►

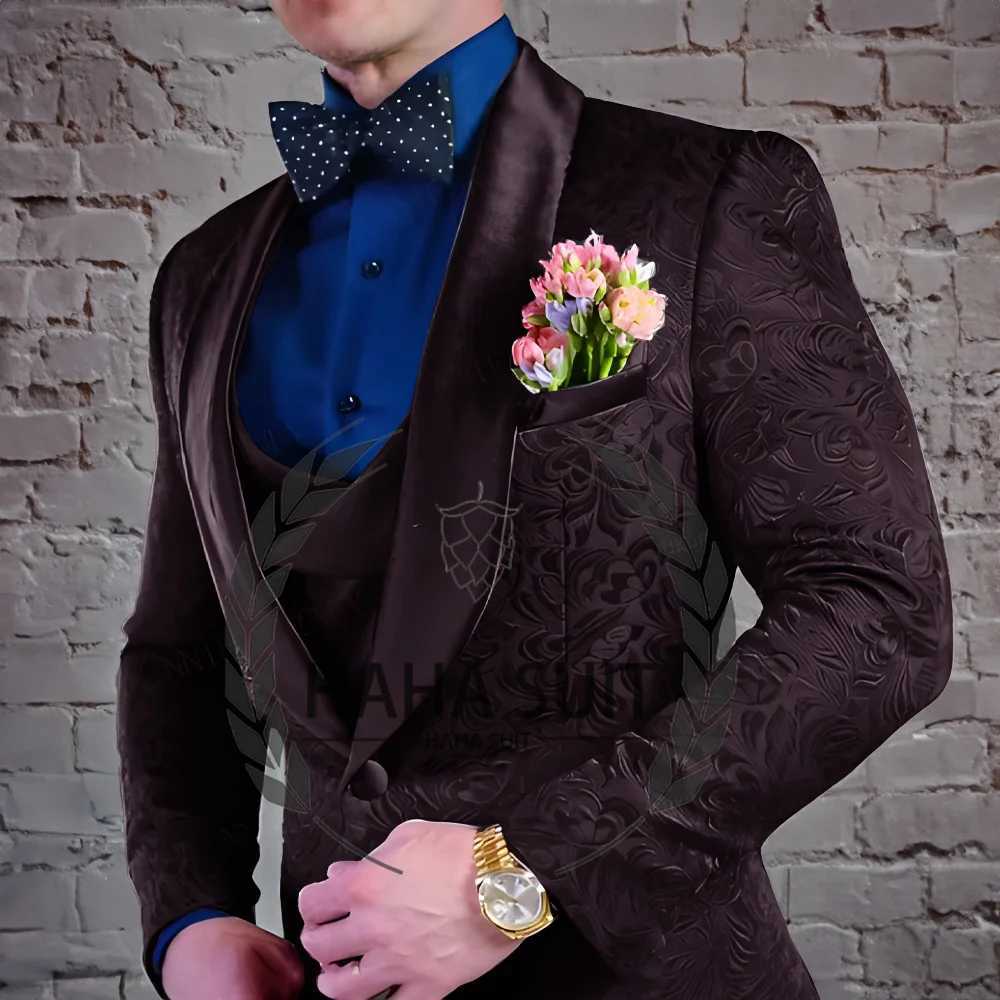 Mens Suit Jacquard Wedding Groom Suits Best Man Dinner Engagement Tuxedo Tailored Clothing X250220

◄
►

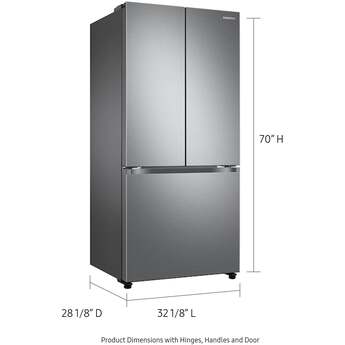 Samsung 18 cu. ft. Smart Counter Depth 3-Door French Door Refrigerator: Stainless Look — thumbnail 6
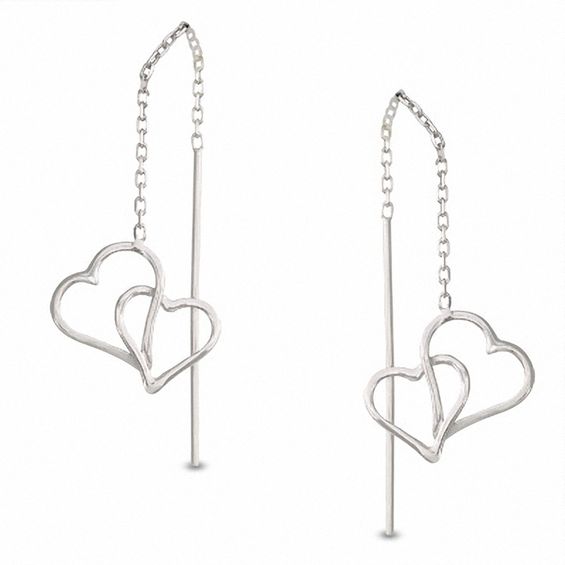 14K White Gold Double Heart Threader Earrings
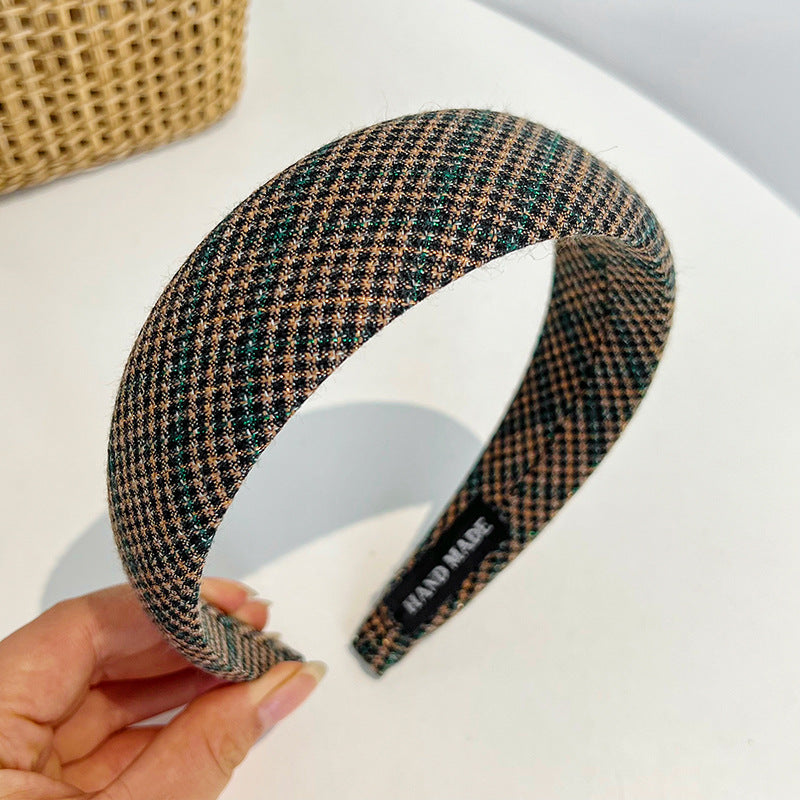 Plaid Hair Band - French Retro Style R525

◄

Exercise » From the records above, copy exactly the lines starting at the one with "Samsung 18 cu." and ending at the one with "Plaid Hair Band - French Retro Style R525", and no others. Pictures stay out.

Solution to this problem »
 Samsung 18 cu. ft. Smart Counter Depth 3-Door French Door Refrigerator: Stainless Look — thumbnail 6
 14K White Gold Double Heart Threader Earrings
 Plaid Hair Band - French Retro Style R525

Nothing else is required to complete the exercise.